+++ Information supplied +++

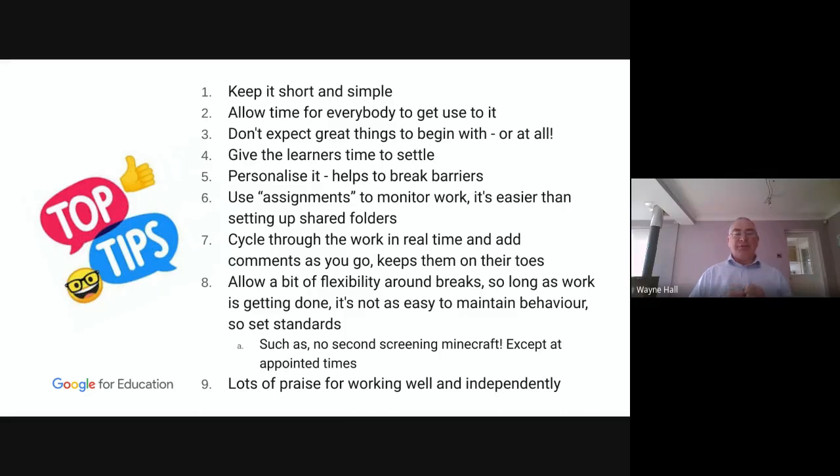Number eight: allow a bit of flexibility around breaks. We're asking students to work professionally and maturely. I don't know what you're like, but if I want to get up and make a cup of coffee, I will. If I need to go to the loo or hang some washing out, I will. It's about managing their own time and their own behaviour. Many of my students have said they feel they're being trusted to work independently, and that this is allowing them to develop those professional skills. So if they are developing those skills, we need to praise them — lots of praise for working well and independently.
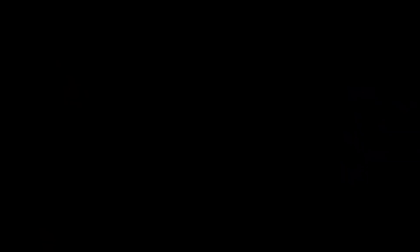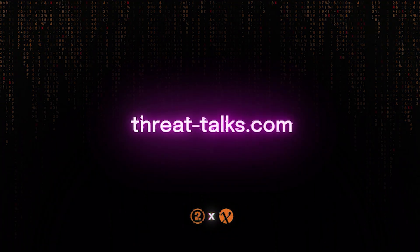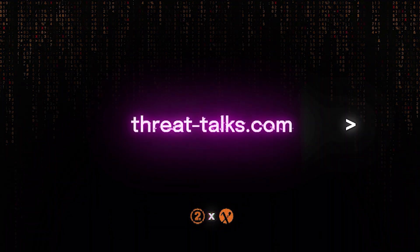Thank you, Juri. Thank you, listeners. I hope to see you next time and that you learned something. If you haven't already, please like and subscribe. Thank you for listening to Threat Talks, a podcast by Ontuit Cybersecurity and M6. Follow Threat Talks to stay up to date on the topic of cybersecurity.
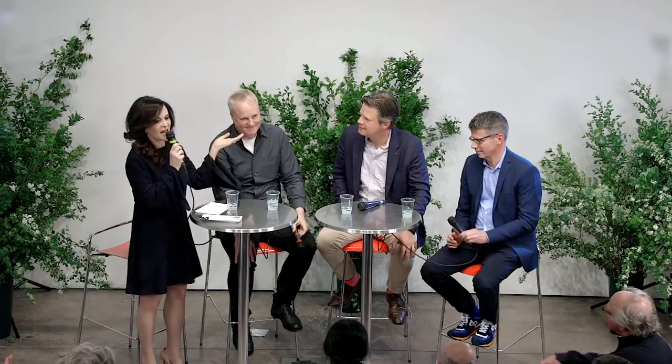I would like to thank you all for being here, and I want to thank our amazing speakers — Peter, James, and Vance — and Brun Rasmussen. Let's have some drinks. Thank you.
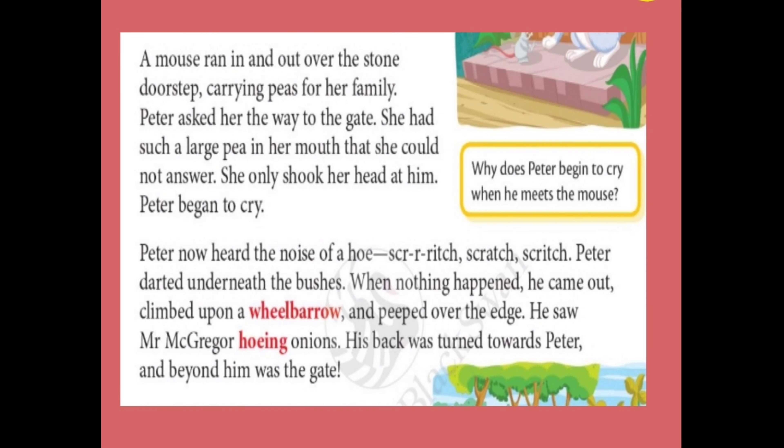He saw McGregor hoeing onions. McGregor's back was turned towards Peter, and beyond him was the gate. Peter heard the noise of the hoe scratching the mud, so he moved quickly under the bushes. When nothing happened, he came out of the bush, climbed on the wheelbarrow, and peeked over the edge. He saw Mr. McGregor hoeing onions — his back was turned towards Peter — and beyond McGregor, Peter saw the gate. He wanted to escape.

+++
+++ Information supplied +++

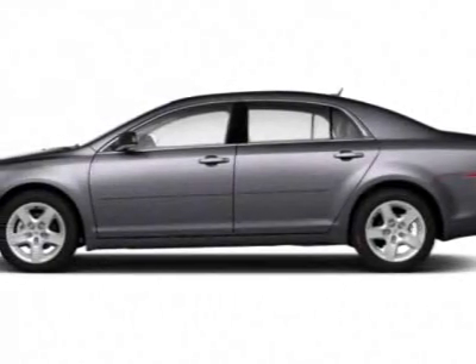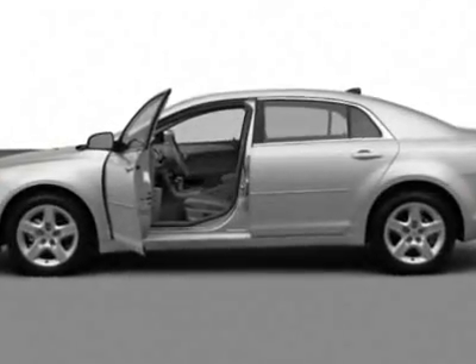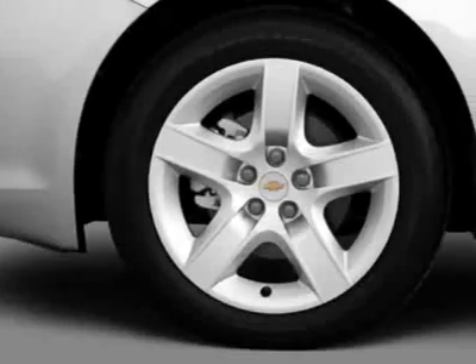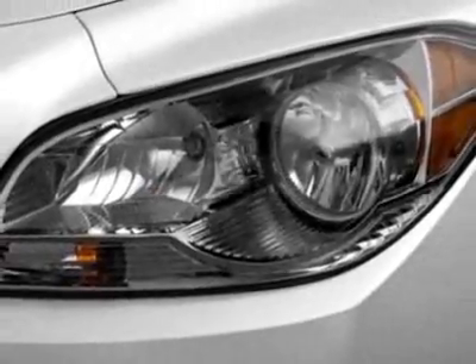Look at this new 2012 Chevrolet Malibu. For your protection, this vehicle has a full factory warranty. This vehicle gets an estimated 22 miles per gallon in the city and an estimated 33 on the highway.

+++

**Exercise brief:** Starting with the line that has "I would like" and ending with the line that has "He saw McGregor", repeat the lines above exactly, omitting every picture.

**Response:**
I would like to thank you all for being here, and I want to thank our amazing speakers — Peter, James, and Vance — and Brun Rasmussen. Let's have some drinks. Thank you.
He saw McGregor hoeing onions. McGregor's back was turned towards Peter, and beyond him was the gate. Peter heard the noise of the hoe scratching the mud, so he moved quickly under the bushes. When nothing happened, he came out of the bush, climbed on the wheelbarrow, and peeked over the edge. He saw Mr. McGregor hoeing onions — his back was turned towards Peter — and beyond McGregor, Peter saw the gate. He wanted to escape.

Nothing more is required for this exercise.